▸ YOUR INSTRUCTIONS
Only the lines below between the ones containing "Building Photo - 3321 Hard Rock Ct" and "Skepta - Bad Myth (Vic Blaze Edit)", inclusive, are to be reproduced, each exactly as it stands.

━━━━━ RAW DATA ━━━━━

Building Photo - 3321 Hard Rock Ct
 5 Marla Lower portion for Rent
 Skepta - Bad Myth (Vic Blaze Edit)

━━━━━
━━━━━ RAW DATA ━━━━━

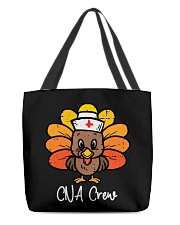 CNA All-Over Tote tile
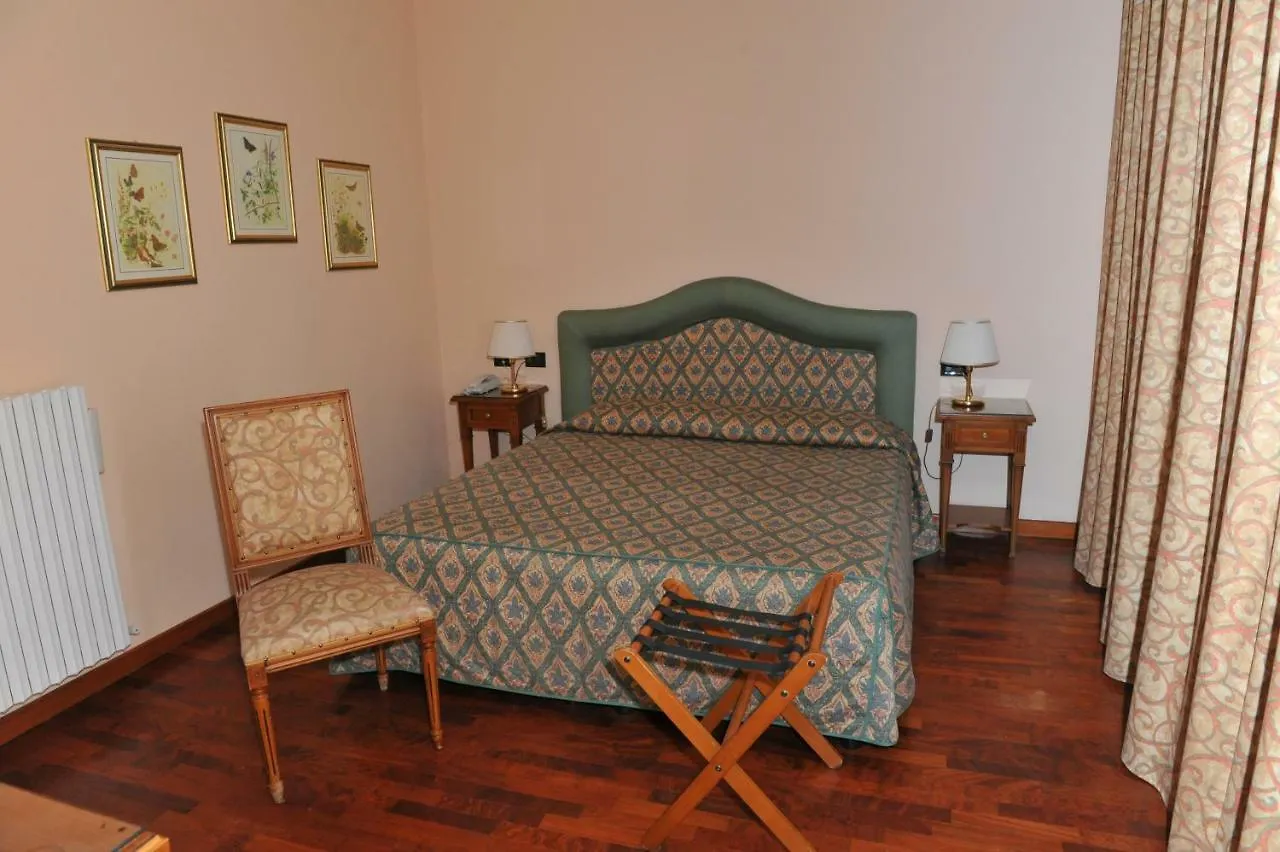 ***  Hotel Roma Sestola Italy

━━━━━
━━━━━ RAW DATA ━━━━━

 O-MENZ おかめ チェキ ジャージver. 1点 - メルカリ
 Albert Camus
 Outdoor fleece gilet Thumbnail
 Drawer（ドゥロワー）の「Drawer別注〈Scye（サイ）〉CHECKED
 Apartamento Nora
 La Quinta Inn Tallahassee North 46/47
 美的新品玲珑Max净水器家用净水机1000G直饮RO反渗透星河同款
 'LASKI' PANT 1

━━━━━

▸ YOUR RESPONSE
Building Photo - 3321 Hard Rock Ct
 5 Marla Lower portion for Rent
 Skepta - Bad Myth (Vic Blaze Edit)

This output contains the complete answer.